Monday, January 28, 2008
So, the room is complete. The finishing touches are not. McColleague and I are poised with all the little extras that make a volunteer/staff room so appealing. We have all the usual tea making paraphernalia along with a noticeboard, a clock, a comfy chair, some nice pictures for the wall and so on. The one thing we didn't have was a table. Not to worry though. Lovely Warden was making one."Now before I show it to you," said Lovely Warden, about to open the door of the warden's shed to display his handiwork, "the correct response is 'that's a beautiful table'".
McColleague and I nodded dutifully as he looked at us, then exchanged meaningful glances as he turned away.
As expected it was very large and made of wood.
"That's never going to get through the door!" exclaimed McColleague.
"It's very big," I said. "Oh, and beautiful, " I added, hastily.
"It'll be fine," said Lovely Warden. "I'll bring it down tomorrow, on the trailer. I can't fit it in my van."
As predicted, it was too big to fit through the door. The top of the table had to be removed and reassembled once inside.
It takes up quite a lot of the room. It is so big that McColleague was able to wax and buff it usuing the electric floor polisher we use in the house. Lovely Warden is unrepentent. He says it is such a lovely table he wants it to be the focal point of the room. And it is.
Wednesday, January 23, 2008
This is Lovely Warden's latest creation. McColleague and I discovered it in the bird hide. It is a massive, hand crafted wooden mallet. I do not know why Lovely Warden has made it and am reluctant to ask (it takes all the fun out of guessing, for a start).
Is it for giant games of croquet? Dealing with the squirrels who steal the nuts meant for the birds? What uses can there be for a giant wooden mallet in a bird hide?
Thursday, January 17, 2008
Whenever the subject of mains water was raised I was informed that we couldn't just change over because of the difference in pressure. Our spring water system just wouldn't cope with mains water. All the ballcocks and pipes would need replacing first. It made sense to me.
So imagine my surprise when my water supply was changed from spring to mains a month or two ago.
"Don't we need to change the pipes first?" I asked, in some concern.
"It'll be all right," said my Boss.
"Right," I said.
So imagine my surprise when, on my way to bed at midnight, I discovered a river of water running through the house.
The water pipe outside my kitchen window had burst and was fountaining gallons of water up through the drain cover and subsequently into my kitchen. I phoned my Boss who duly arrived with his brother-in-law, Colin, our resident plumber and builder. We all stood outside, in our wellies, torchlight reflecting off the bubbling water.
"Nothing we can do tonight," said Colin. "I'll just turn off the water supply for now and be back first thing in the morning".
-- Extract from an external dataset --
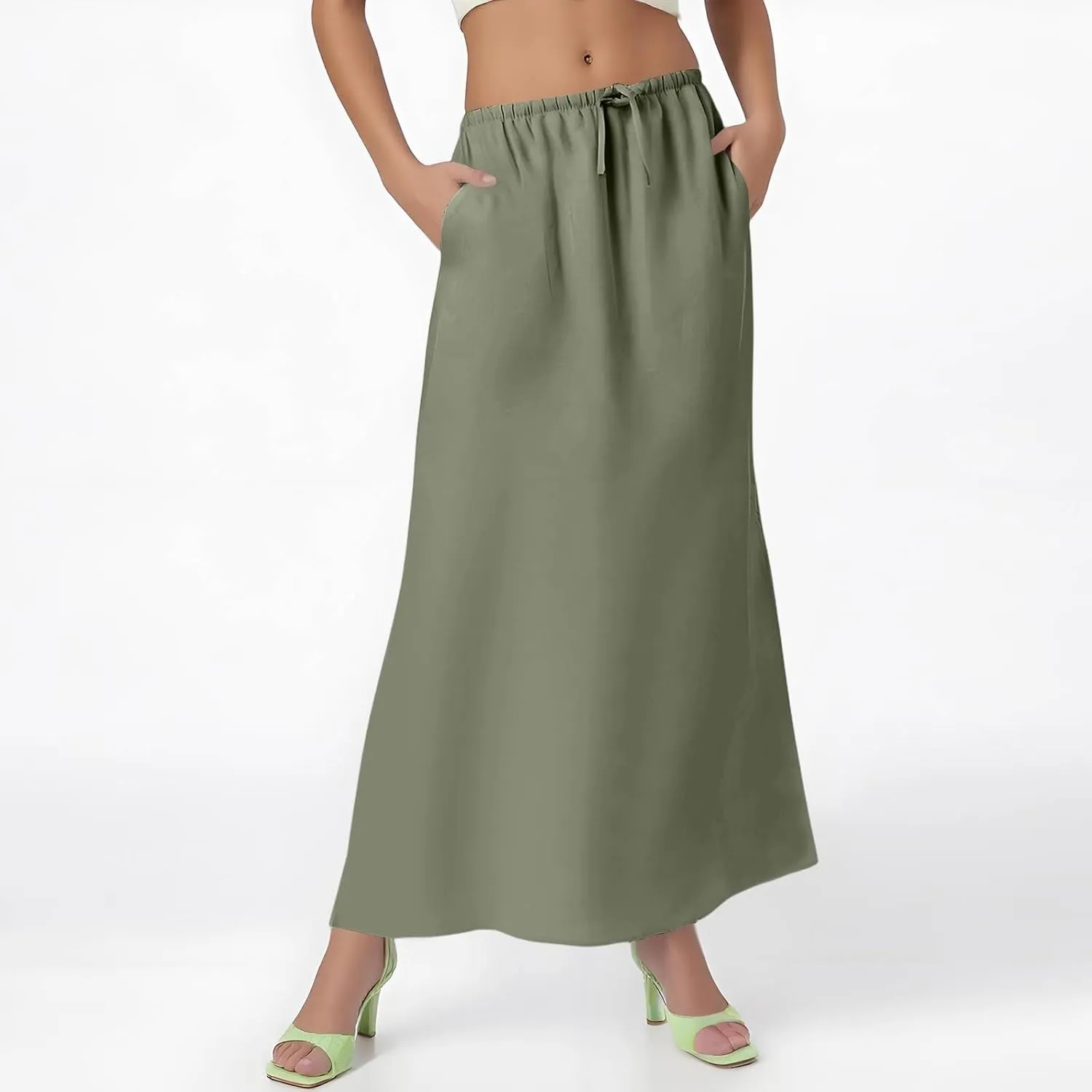 Maxi Linen Flare Skirts for Women Trendy Summer with Slit Drawstring Elastic Waist Low Rise Long Flowy A Line Skorts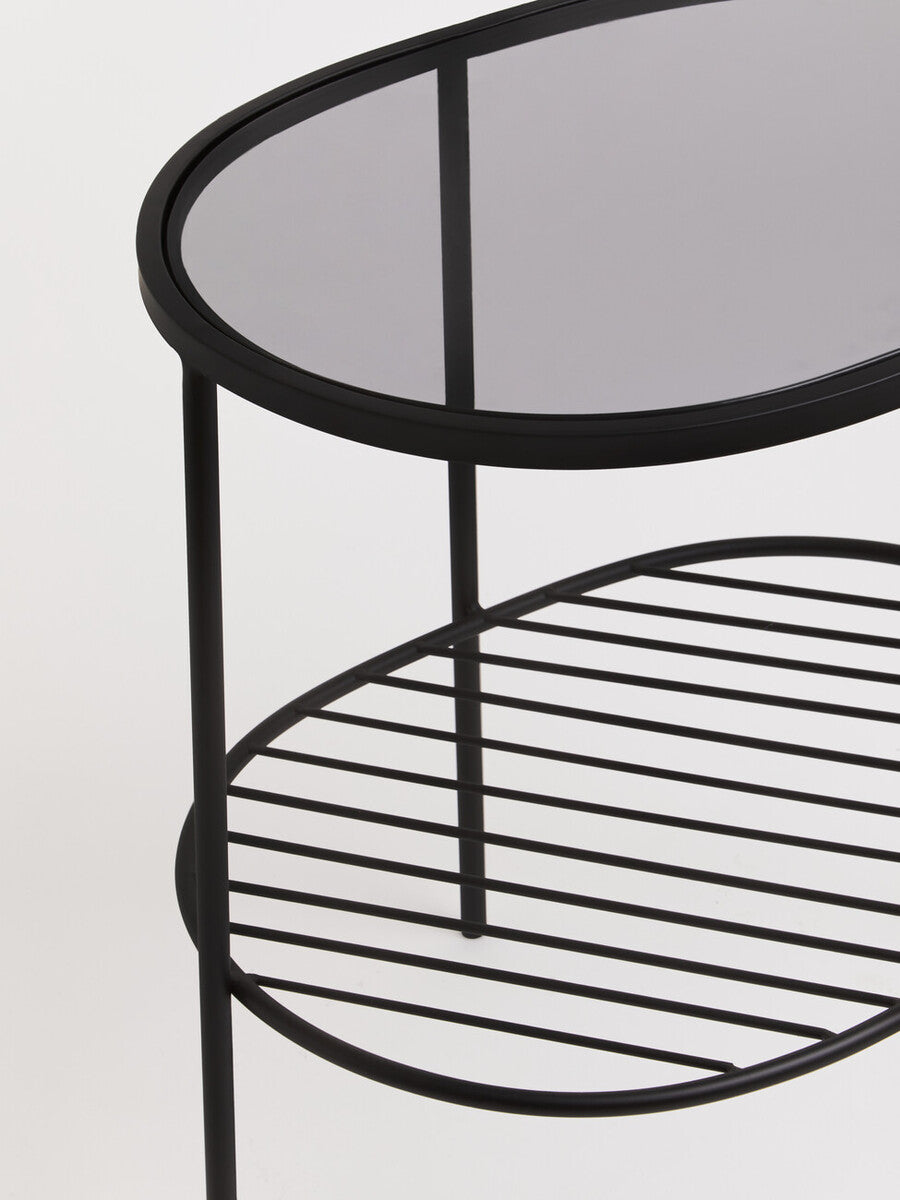 Trento Black Two Tier Side Table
When you've spent the night having to fetch buckets of water from the courtyard to flush the loo, it is a wonderful thing to see a yellow digger outside the kitchen window. It gives you hope.
"I reckon it was the change in water pressure that did it," mused Colin.
"Oh yes. It'll be all right now."
Imagine my surprise a few days later when I discovered the overflow from the cold water tank in the roof space pouring out water just outside my back door. To exit the house you had to go through a small waterfall. Colin came to investigate.
"It's the ballcock. It's not designed for this kind of mains pressure. I'll fit a new one."
"Will it be ok now?"
I am already imagining my next surprise.
Thursday, January 10, 2008
"Blimey," I muttered. "Fred's a bit scary, isn't he?"
Our instructor went on to tell us that while Annie is modelled on a petite woman, Fred reflects a more modern trend and is based on a 19 stone man. He was therefore a lot more demanding on the arm muscles when performing CPR.
My knees felt the strain too. Two days of crawling around on industrial nylon carpet, applying bandages and the kiss of life meant I was sporting a couple of impressive carpet burns, despite the jeans I wore.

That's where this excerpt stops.